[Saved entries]
══════════════════════════════
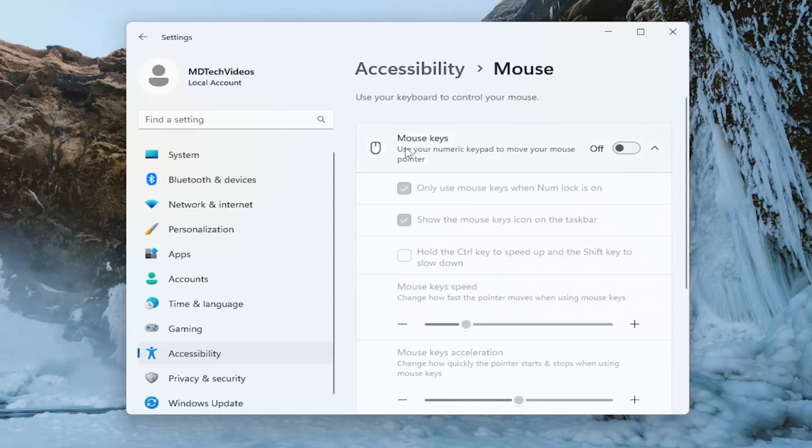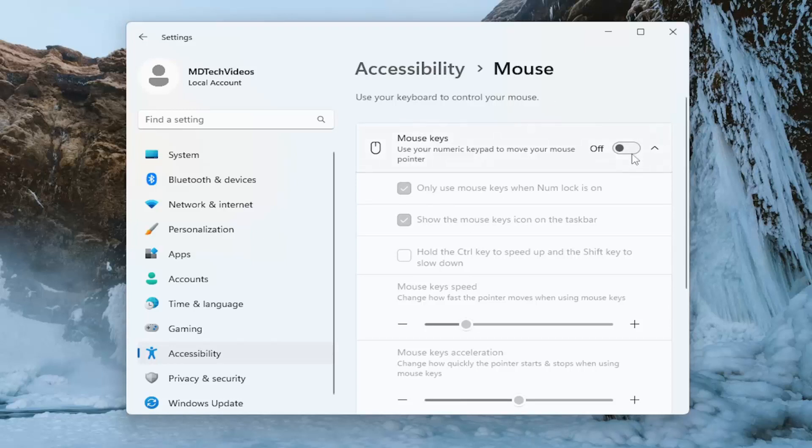Where it says mouse keys. Use your numeric keypad to move your mouse pointer. You want to go ahead and toggle that to the off position.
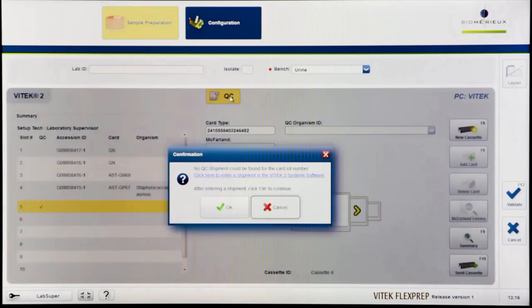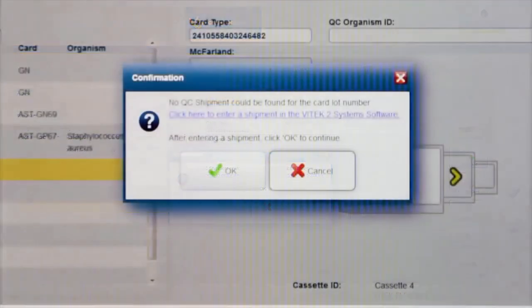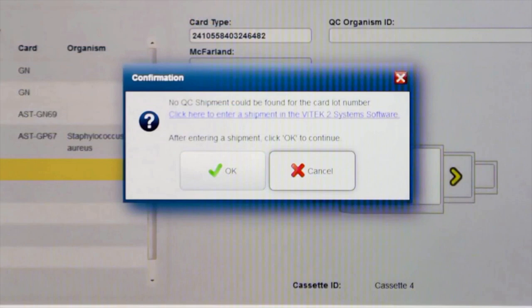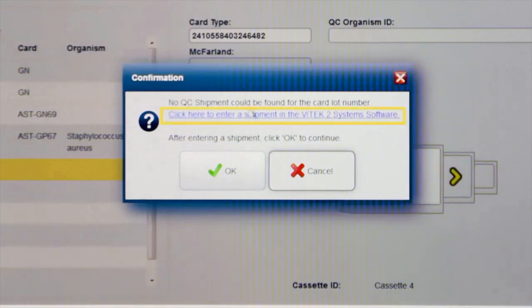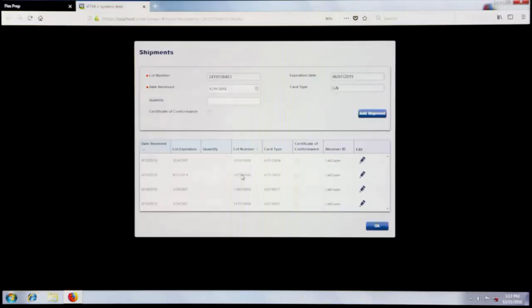If not, you will be prompted to enter the shipment information before proceeding. As seen here, the shipment information has not yet been entered for this card. Click on the link in the pop-up to navigate to the Vitek 2 web application where the shipment information may be recorded.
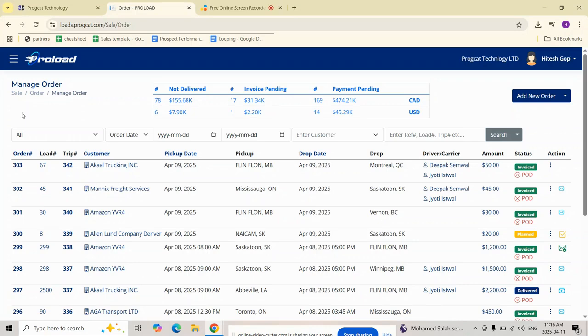Hello everyone, welcome back. In this video we will walk you through the process of setting a trip as delivered and attaching the proof of delivery in the Proload TMS.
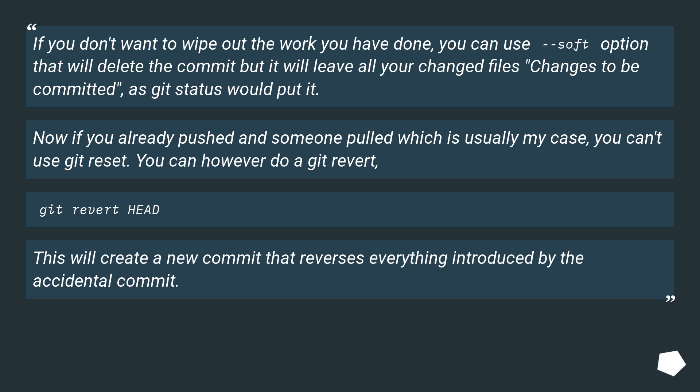If you don't want to wipe out the work you have done, you can use the --soft option that will delete the commit but it will leave all your changed files as 'changes to be committed', as git status would put it.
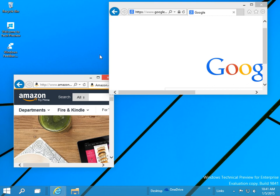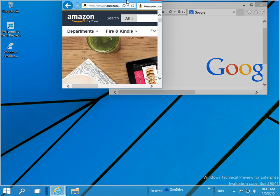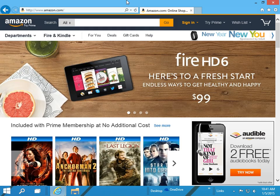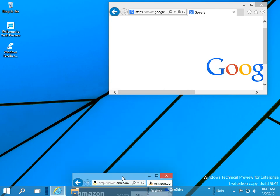Note that the only way to vertically snap windows is to use the keyboard shortcuts. If you try to drag the windows to the top half of the screen, it will automatically maximize the window. If you drag to the bottom half, nothing will happen.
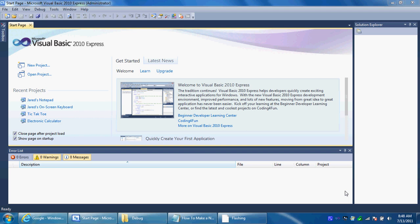What's up everybody. Today I'm going to be showing you how to make your own notepad in Visual Basic 2010. I'm using Express version because it's free.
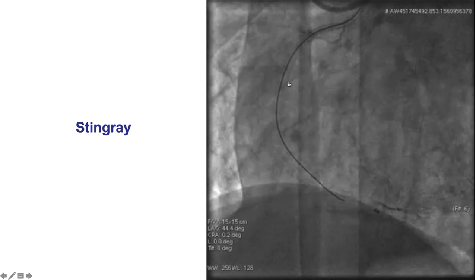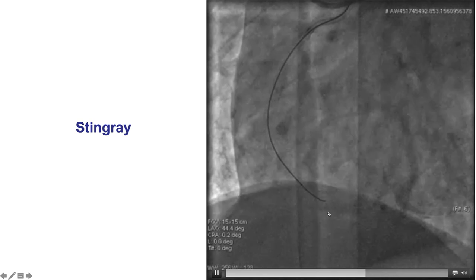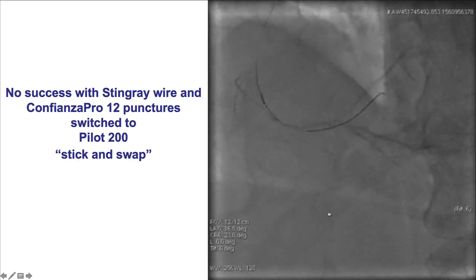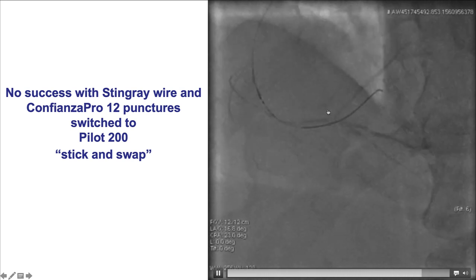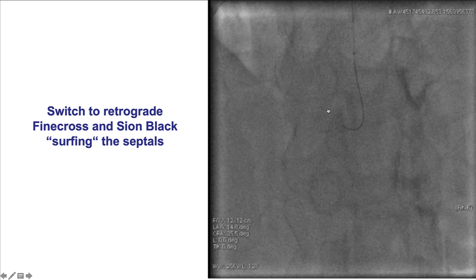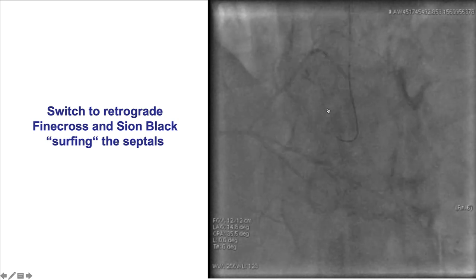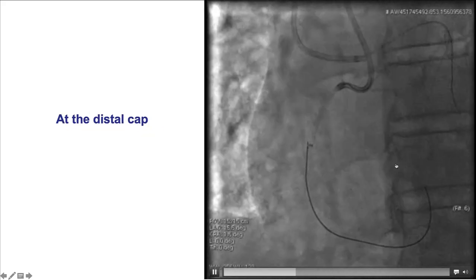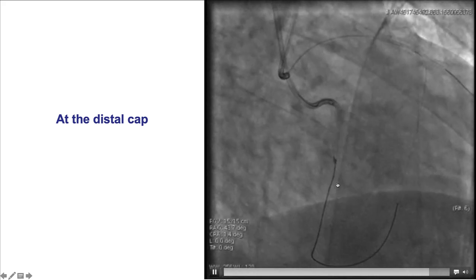Subsequently a Stingray balloon was advanced, but again there was extensive distal hematoma and reentry was challenging. Despite multiple attempts using the stick-and-swap technique, reentry was unsuccessful. Because of that, a decision was made to switch to retrograde crossing, which successfully crossed the septal collaterals. Now we have an antegrade guide extension and a retrograde guidewire.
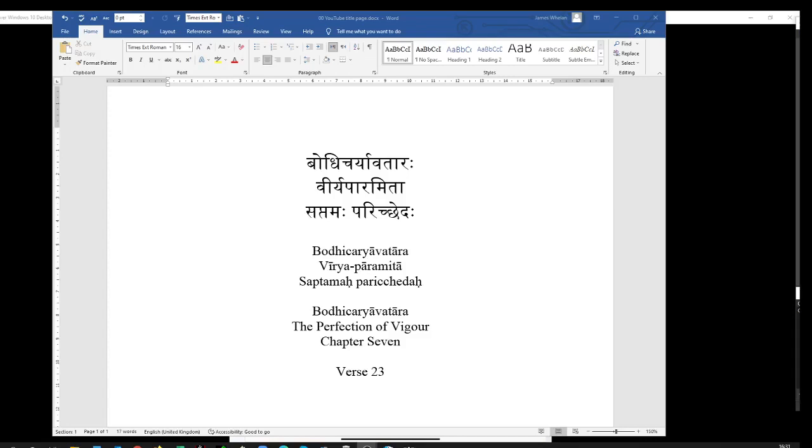Hello and welcome to this video on Bodhichariyavatara, chapter 7 verse 23.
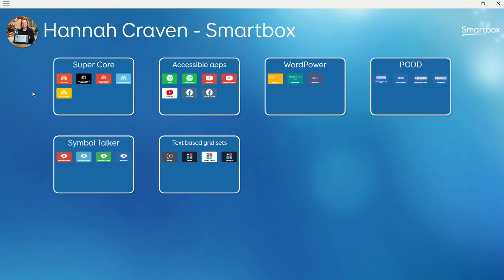We have three new translations of Supercore available in the latest version of Grid: Danish, French, and Norwegian. I'm going to show you how to add these grid sets and how to update your voice.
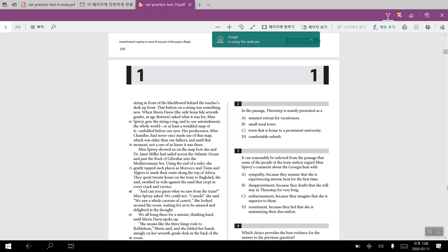For number three, it can reasonably be inferred from the passage that some of the people at the train station regard Miss Baby's comment about Georgia heat with, and for number three, the answer would have been D, resentment because they feel that she is minimizing their discomfort. For instance, in line number 10, I believe her remark irritated some of the people gathered to welcome her on the burned grass alongside the tracks. When folks are sweating through their shorts, they don't like to hear that this is nothing compared to someplace else. They would feel that Miss Baby would be undermining or underestimating the heat being present there and therefore would feel that kind of resentment towards her comment that she would be minimizing their sense of discomfort.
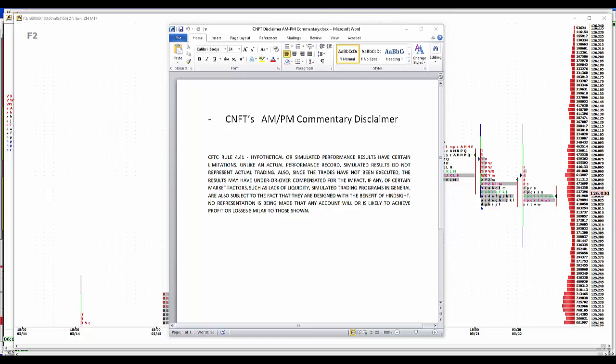Good morning, it is May 22nd, 2017. Time to kick off another trading day with our customary disclaimer. Hypothetical simulated performance results have certain limitations. Unlike an actual performance record, simulated results do not represent actual trading. Also, since the trades have not been executed, the results may have under or overcompensated for the impact of certain market factors such as lack of liquidity. Simulated trading programs in general are also subject to the fact that they're designed with the benefit of hindsight. No representation is being made that any account will or is likely to achieve profit or losses similar to those shown.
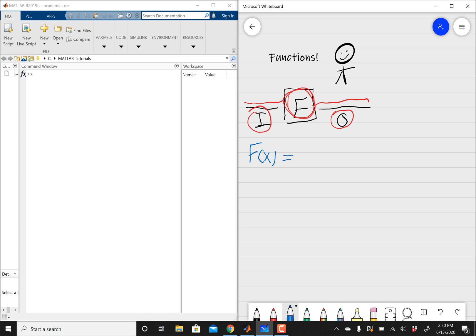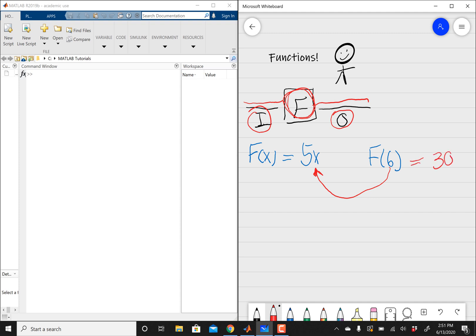So I can say f of x equals 5x, and then I'm going to ask you to calculate what's f of 6. What I'm asking is: take this 6, which is your input variable, and then replace x with 6. So this is pretty much going to be 5 times 6, which gives you 30 for your output. So 30 is your output and 6 was your input.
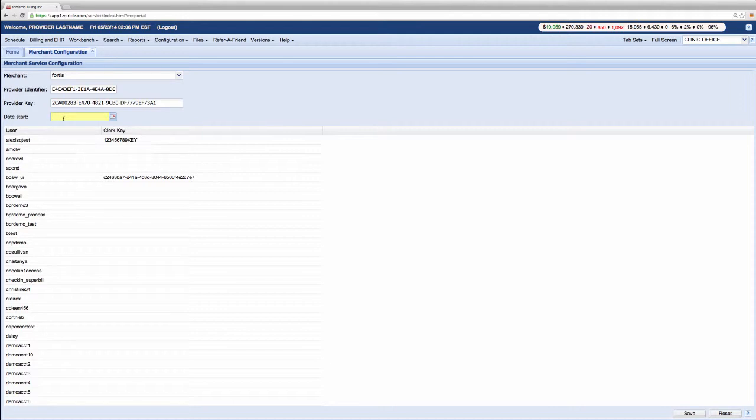The date start field is only needed if you do not want to start transferring payments in the merchant vendor immediately. The date here would be the date you wish to start the transfers.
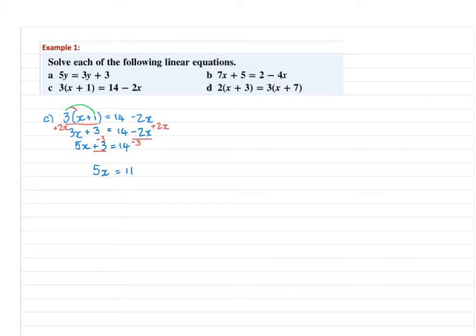5x means 5 times x, and the inverse operation is division. So divide both sides by 5, and the solution is x equals 11 over 5.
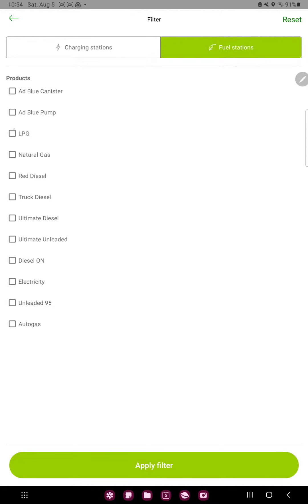for example, the LPG, the natural gas or the diesel on.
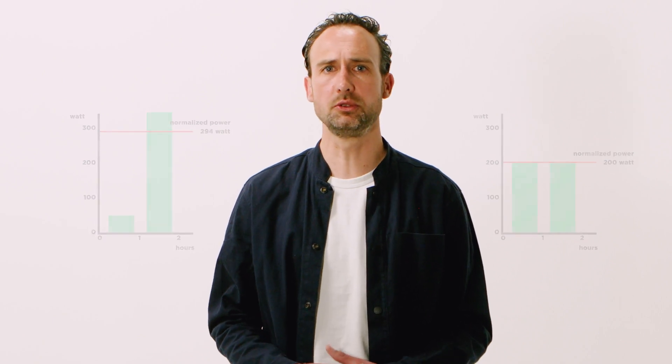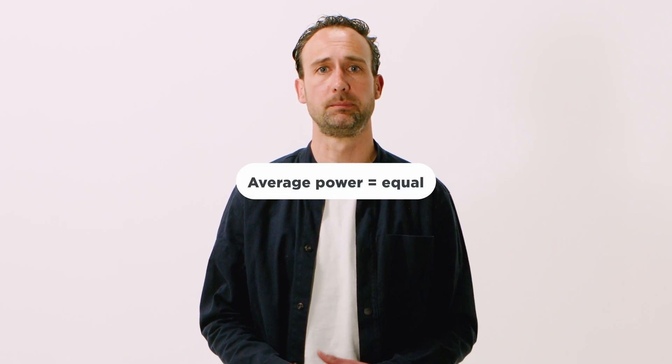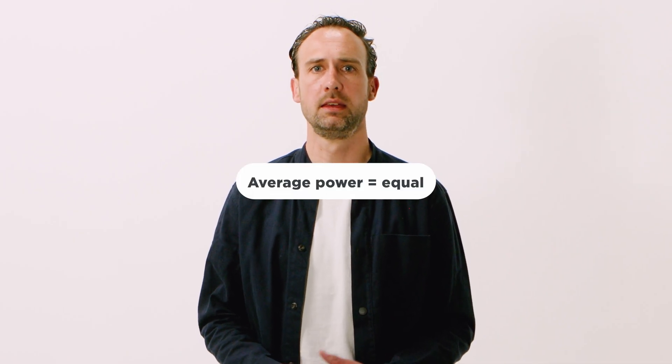The physiological load and differences in intensity of both workouts are not well expressed when only looking at average power. In this case, normalized power comes in handy.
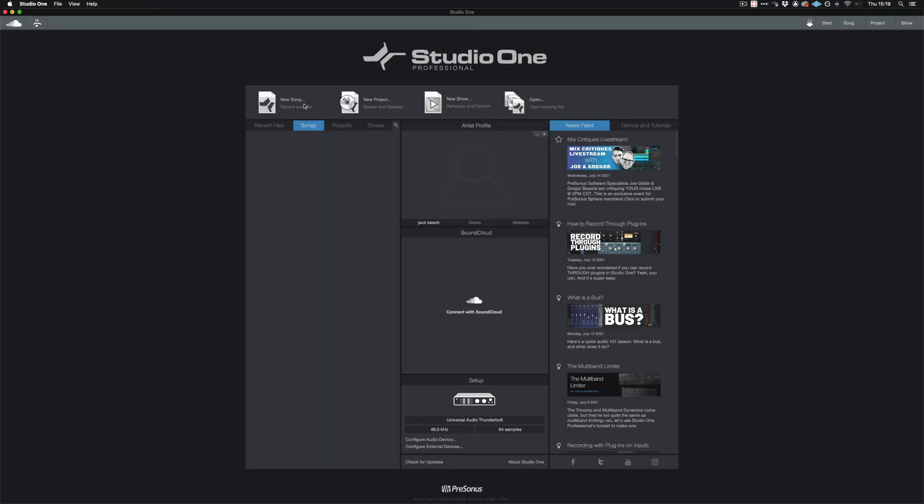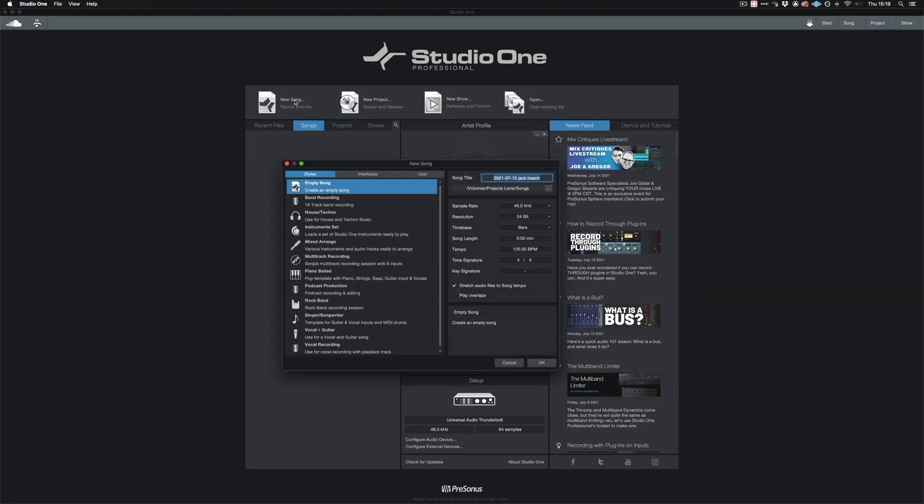In this video, I'm going to demonstrate how to get started with video files in Studio One. The important thing to remember when you create your new song file is to record at 48kHz or 96kHz. The reason for this is that all video files operate at one of these sample rates.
══════════════════════════════
PROMPT: The reply should hold the lines from the top of the records through the line containing "We have three", reproduced exactly, and no pictures.

RESULT OF THIS EXERCISE:
Where it says mouse keys. Use your numeric keypad to move your mouse pointer. You want to go ahead and toggle that to the off position.
If not, you will be prompted to enter the shipment information before proceeding. As seen here, the shipment information has not yet been entered for this card. Click on the link in the pop-up to navigate to the Vitek 2 web application where the shipment information may be recorded.
Hello everyone, welcome back. In this video we will walk you through the process of setting a trip as delivered and attaching the proof of delivery in the Proload TMS.
If you don't want to wipe out the work you have done, you can use the --soft option that will delete the commit but it will leave all your changed files as 'changes to be committed', as git status would put it.
Note that the only way to vertically snap windows is to use the keyboard shortcuts. If you try to drag the windows to the top half of the screen, it will automatically maximize the window. If you drag to the bottom half, nothing will happen.
What's up everybody. Today I'm going to be showing you how to make your own notepad in Visual Basic 2010. I'm using Express version because it's free.
Subsequently a Stingray balloon was advanced, but again there was extensive distal hematoma and reentry was challenging. Despite multiple attempts using the stick-and-swap technique, reentry was unsuccessful. Because of that, a decision was made to switch to retrograde crossing, which successfully crossed the septal collaterals. Now we have an antegrade guide extension and a retrograde guidewire.
Hello and welcome to this video on Bodhichariyavatara, chapter 7 verse 23.
We have three new translations of Supercore available in the latest version of Grid: Danish, French, and Norwegian. I'm going to show you how to add these grid sets and how to update your voice.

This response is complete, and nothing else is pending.